- Materials provided
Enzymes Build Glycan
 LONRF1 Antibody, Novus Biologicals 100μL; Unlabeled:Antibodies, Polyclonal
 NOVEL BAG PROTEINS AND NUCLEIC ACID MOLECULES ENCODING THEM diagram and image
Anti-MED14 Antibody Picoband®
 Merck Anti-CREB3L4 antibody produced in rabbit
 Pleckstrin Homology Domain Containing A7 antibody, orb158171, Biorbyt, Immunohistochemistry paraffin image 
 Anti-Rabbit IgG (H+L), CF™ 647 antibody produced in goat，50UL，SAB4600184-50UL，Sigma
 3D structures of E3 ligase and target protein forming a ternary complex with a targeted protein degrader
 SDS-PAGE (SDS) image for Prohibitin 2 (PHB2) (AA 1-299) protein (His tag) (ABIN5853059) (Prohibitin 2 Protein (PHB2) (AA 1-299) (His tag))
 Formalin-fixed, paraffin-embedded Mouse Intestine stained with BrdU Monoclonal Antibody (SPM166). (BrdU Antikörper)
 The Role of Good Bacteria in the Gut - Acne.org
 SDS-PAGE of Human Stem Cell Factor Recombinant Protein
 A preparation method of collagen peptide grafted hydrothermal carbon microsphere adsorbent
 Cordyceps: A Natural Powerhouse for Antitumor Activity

- What you need to do
Copy each line above that contains the string "with".

- Solution to the problem
 3D structures of E3 ligase and target protein forming a ternary complex with a targeted protein degrader
 Formalin-fixed, paraffin-embedded Mouse Intestine stained with BrdU Monoclonal Antibody (SPM166). (BrdU Antikörper)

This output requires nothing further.